Urinary Neprilysin and Neprilysin in Cerebrospinal Fluid
For the sake of completeness on non-tissue-based NEP measurements, determination of NEP in urine and cerebrospinal fluid will be discussed shortly. NEP expression is highest in the kidneys, yet the main location of the enzyme is within the brush border of the proximal tubule on the luminal site. Urinary NEP concentrations are increased in critically ill patients with acute kidney injury and in patients with diabetes, especially those with microalbuminuria, suggesting that urinary NEP might be an indicator of acute and chronic kidney injury.56,57 However, urinary concentrations are not correlated with plasma concentrations, resulting in questions about the contribution of kidney NEP regulation to plasma NEP levels.56
NEP in cerebrospinal fluid has been investigated in Alzheimer’s disease. This disease is characterised by amyloid-beta deposits resulting from a disturbed balance between amyloid-beta biosynthesis and clearance.58 NEP is a member of the amyloid degrading enzyme family and seems to be the major enzyme responsible for amyloid-beta breakdown in the brain.59 A meta-analysis showed that NEP expression and activity are reduced in the cortex of individuals with Alzheimer’s disease.60 Accordingly, these patients have lower NEP activity levels in the cerebrospinal fluid compared to controls.61 NEP upregulation could therefore be a valuable therapeutic target in combatting Alzheimer’s disease. However, unselective upregulation of NEP might have deleterious effects on the cardiovascular system. The long-term effects of NEP inhibition by sacubitril/valsartan, with the potential promotion of amyloid accumulation in the brain, need to be fully assessed.
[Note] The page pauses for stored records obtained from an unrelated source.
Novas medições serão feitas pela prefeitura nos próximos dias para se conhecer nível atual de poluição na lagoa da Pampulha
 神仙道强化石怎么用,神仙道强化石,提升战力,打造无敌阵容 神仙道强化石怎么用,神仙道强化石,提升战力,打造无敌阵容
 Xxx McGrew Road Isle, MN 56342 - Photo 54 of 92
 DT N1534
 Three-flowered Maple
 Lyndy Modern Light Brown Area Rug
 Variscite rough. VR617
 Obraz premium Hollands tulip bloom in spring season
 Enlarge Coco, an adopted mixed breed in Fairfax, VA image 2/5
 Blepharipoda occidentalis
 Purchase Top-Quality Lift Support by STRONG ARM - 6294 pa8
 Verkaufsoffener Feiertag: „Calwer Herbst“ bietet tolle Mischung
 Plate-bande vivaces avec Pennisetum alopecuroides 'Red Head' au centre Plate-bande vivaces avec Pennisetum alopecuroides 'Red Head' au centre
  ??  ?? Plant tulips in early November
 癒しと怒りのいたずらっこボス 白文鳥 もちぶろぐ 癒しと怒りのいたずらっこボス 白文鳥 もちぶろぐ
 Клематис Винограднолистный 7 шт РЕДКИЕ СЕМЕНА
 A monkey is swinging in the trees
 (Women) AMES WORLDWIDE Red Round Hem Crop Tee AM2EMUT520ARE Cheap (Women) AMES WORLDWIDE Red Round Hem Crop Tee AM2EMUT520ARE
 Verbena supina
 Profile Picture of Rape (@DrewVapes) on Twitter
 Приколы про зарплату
The utility of non-membrane-associated circulating NEP concentrations and activity as biomarkers of NEP regulation are limited, as the physiological actions of NEP are localised to the tissues. Further studies are needed to investigate tissue NEP regulation in HF and establish a relationship with HF disease states and outcomes. Membrane-associated neutrophil NEP expression may be a surrogate for tissue NEP regulation or proinflammatory state.